Pei-Chi Lan


2025

pdf bib
Challenges and Limitations of the Multilingual Pre-trained Model Whisper on Low-Resource Languages: A Case Study of Hakka Speech Recognition
Pei-Chi Lan | Hsin-Tien Chiang | Ting-Chun Lin | Ming-Hsiang Su
Proceedings of the 37th Conference on Computational Linguistics and Speech Processing (ROCLING 2025)
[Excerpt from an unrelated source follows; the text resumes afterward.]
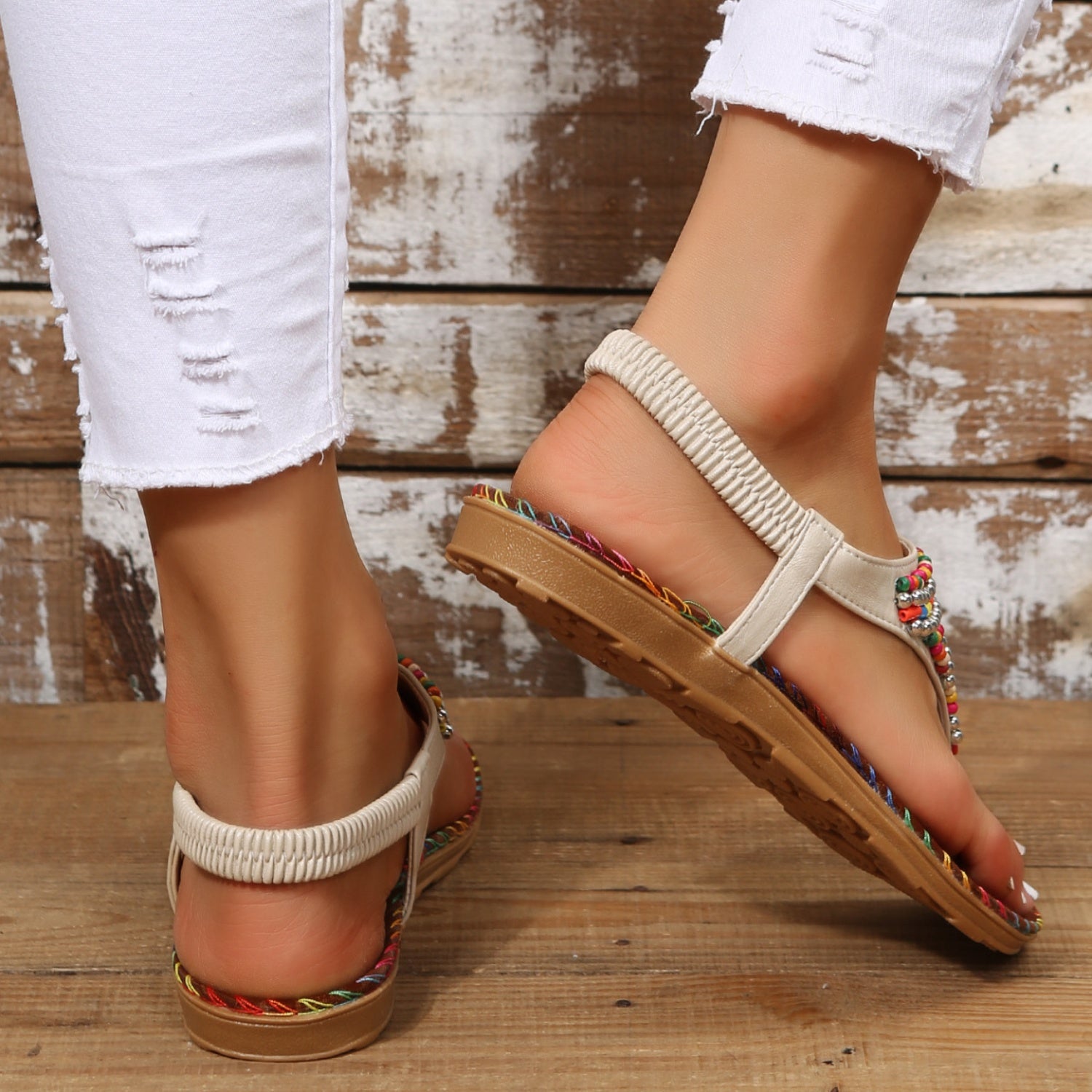 Beaded PU Leather Open Toe Sandals - felvior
This study investigates the practical performance and limitations of the multilingual pre-trained model Whisper in low-resource language settings, using a Hakka speech recognition challenge as a case study. In the preliminary phase, our team (Group G) achieved official scores of 75.58% in Character Error Rate (CER) and 100.97% in Syllable Error Rate (SER). However, in the final phase, both CER and Word Error Rate (WER) reached 100%. Through a retrospective analysis of system design and implementation, we identified three major sources of failure: (1) improper handling of long utterances, where only the first segment was decoded, causing content truncation; (2) inconsistent language prompting, fixed to “Chinese” instead of the Hakka target; and (3) lack of systematic verification in data alignment and submission generation, combined with inadequate evaluation setup.Based on these findings, we propose a set of practical guidelines covering long-utterance processing, language consistency checking, and data submission validation. The results highlight that in low-resource speech recognition tasks, poor data quality or flawed workflow design can cause severe degradation of model performance. This study underscores the importance of robust data and process management in ASR system development and provides concrete insights for future improvements and reproducibility.